= Thomas Vincent Faustus Sadler =

Thomas Vincent Faustus Sadler (1604–1681) was a Roman Catholic missionary in England and spiritual author.

==Biography==
Thomas Sadler was born in 1604, and received into the Catholic Church at the age of seventeen by his uncle, Walter Sadler, and joined the Benedictines at Dieulward, being professed in 1622.

Little is known of his missionary work, but he was probably chaplain to the Sheldons of Weston and the Tichbornes in Hampshire before moving to London, where he worked for many years. He died at Dieulward, Flanders on 19 January 1681.

==Works==

He edited several spiritual books, often collaborating with Anselm Crowther, and signed with the initials T.V.

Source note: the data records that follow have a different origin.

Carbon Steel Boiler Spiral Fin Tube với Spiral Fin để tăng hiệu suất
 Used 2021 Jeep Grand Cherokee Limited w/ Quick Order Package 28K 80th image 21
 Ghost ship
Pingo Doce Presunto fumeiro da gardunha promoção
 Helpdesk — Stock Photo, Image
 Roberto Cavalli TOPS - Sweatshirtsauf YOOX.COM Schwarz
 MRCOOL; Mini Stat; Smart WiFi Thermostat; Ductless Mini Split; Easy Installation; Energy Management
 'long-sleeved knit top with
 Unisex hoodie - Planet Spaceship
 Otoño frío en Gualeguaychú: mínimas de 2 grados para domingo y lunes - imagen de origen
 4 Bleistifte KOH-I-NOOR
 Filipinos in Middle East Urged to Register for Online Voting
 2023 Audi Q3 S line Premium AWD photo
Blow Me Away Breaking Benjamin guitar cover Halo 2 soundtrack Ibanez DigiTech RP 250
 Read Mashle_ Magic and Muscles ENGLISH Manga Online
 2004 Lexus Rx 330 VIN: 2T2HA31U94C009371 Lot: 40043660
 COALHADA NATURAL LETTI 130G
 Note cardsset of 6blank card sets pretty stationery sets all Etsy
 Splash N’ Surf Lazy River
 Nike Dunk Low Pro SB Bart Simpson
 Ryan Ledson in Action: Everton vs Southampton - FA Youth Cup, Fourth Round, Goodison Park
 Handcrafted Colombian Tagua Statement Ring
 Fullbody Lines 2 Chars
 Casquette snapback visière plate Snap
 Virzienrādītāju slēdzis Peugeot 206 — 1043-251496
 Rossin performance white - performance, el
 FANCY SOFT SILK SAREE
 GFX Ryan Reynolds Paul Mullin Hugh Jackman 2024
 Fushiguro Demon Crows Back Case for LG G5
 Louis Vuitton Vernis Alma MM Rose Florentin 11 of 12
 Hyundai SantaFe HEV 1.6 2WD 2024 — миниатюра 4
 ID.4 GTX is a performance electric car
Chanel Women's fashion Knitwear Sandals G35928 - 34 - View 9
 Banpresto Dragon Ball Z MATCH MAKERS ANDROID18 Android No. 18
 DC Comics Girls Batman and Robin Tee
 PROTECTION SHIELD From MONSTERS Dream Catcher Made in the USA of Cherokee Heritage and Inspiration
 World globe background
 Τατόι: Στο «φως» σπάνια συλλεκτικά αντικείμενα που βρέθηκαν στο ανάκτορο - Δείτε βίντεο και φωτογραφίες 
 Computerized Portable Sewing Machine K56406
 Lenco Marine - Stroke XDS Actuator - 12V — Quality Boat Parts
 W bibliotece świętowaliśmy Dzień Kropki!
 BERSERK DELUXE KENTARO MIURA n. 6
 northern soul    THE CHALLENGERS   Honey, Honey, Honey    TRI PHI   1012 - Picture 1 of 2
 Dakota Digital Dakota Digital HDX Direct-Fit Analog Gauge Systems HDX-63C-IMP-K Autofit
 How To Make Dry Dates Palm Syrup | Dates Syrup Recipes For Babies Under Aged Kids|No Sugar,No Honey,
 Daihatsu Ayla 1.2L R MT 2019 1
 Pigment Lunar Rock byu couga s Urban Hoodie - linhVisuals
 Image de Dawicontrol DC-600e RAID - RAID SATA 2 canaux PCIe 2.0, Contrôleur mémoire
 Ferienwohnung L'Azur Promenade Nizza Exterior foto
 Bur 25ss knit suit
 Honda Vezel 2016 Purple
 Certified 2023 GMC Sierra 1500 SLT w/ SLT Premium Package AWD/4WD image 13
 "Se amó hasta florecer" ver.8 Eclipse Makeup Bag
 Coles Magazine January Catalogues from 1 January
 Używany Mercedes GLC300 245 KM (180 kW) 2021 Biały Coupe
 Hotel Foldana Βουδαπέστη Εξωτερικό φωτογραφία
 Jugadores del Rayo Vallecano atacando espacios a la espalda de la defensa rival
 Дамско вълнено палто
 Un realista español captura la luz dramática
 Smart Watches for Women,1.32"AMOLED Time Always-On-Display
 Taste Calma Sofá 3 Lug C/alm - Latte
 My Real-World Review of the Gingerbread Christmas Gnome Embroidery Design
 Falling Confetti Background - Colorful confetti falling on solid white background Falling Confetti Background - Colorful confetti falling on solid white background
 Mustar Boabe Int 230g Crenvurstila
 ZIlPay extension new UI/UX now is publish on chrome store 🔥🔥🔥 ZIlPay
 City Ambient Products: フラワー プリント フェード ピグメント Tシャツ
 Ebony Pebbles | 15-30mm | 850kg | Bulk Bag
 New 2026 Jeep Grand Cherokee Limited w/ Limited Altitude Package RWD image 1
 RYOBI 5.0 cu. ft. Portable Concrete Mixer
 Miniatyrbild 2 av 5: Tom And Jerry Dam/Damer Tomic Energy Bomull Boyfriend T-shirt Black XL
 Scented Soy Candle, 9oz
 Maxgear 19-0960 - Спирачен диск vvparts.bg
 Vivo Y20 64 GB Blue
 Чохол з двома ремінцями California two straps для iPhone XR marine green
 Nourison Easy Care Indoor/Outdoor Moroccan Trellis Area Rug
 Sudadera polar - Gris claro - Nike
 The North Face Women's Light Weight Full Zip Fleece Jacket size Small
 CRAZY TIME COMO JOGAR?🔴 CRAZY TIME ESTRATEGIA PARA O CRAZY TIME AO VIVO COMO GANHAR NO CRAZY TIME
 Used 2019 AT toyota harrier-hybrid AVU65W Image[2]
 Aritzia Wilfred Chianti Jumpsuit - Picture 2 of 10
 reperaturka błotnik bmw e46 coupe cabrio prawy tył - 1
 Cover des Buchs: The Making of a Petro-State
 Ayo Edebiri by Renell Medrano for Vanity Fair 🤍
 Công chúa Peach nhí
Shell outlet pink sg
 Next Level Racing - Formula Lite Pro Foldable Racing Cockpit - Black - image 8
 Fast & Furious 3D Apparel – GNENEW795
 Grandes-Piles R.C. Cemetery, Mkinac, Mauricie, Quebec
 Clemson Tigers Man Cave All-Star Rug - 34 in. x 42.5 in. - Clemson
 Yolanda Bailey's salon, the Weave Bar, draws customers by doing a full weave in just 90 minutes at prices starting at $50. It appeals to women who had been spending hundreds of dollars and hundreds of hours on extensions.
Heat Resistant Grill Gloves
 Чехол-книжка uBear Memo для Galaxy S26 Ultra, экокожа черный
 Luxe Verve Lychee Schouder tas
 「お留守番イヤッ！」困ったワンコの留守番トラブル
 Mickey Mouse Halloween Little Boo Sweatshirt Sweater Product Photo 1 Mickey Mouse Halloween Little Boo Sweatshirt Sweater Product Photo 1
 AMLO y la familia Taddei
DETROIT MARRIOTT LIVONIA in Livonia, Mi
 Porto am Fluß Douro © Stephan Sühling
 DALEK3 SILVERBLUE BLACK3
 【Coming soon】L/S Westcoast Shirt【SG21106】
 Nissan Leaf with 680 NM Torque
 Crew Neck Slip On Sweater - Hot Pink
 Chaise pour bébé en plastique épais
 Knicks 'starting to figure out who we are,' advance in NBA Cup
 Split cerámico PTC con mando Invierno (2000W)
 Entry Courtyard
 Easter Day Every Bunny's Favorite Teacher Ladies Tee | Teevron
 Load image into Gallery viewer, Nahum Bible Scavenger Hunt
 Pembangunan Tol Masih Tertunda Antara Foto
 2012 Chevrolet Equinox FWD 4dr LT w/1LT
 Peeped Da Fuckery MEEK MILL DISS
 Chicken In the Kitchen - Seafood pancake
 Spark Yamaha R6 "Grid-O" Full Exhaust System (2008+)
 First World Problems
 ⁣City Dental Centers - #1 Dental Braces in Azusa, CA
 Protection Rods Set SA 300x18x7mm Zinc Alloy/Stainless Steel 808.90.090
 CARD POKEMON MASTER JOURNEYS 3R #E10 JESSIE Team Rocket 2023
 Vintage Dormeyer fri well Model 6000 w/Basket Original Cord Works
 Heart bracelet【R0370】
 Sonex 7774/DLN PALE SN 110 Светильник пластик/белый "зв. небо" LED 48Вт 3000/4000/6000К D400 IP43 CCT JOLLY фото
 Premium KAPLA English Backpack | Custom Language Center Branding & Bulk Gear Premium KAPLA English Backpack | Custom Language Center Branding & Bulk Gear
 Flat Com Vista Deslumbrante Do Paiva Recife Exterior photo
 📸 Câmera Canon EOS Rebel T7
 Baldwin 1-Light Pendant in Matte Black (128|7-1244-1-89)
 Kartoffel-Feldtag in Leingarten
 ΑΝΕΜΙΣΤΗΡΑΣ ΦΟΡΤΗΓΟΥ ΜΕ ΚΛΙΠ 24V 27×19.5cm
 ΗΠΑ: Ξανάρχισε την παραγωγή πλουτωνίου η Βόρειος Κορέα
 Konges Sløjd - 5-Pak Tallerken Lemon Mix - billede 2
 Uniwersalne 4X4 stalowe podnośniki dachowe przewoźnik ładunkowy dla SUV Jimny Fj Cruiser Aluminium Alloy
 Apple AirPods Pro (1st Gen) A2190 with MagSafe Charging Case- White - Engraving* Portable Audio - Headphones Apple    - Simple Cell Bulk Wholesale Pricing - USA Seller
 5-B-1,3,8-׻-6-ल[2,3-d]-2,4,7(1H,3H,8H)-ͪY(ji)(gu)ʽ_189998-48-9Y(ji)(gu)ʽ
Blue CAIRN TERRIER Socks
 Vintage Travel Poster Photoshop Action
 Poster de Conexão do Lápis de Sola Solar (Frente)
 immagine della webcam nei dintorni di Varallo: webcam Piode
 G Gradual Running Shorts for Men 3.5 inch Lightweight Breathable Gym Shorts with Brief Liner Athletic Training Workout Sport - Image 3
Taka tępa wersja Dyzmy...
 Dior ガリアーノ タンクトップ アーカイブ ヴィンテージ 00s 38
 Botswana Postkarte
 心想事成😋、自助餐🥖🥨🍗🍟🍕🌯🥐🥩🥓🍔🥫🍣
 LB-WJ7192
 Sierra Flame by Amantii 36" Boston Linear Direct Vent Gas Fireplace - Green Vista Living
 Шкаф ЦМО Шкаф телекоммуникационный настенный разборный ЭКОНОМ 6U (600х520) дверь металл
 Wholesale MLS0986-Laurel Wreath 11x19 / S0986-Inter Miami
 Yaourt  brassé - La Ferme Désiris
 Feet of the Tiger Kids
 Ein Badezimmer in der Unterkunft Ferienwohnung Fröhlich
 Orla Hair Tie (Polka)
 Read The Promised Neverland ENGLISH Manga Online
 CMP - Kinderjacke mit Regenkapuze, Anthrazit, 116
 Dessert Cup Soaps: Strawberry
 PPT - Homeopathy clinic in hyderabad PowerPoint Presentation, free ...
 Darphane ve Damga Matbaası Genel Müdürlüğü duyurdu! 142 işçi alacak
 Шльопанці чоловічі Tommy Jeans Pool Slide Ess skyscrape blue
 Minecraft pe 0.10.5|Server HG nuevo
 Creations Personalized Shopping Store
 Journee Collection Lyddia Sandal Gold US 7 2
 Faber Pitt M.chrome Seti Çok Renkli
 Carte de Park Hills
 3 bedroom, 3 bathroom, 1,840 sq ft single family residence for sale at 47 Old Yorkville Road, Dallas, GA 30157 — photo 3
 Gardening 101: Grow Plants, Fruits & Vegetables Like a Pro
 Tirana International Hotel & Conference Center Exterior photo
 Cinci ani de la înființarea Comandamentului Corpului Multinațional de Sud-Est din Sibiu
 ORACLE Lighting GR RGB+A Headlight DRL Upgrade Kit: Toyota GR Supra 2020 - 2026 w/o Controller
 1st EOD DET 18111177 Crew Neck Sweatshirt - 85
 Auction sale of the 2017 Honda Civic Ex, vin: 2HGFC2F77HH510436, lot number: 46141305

His chief publications are
- The Christian Pilgrim in his Spiritual Conflict and Conquest (1652)
- Jesus, Maria, Joseph (1657)
- The Daily Exercise of the Devout Rosarists (1657), which was afterwards developed into a well-known prayer book, The Daily Exercise of the Devout Christian.
- A Guide to Heaven, translated from Giovanni Bona's Manuductio (1672)
- The Holy Desires of Death, translated from Louis Lallemant (1678).
- Anthony Wood attributes to him The Childe's Catechism (1678).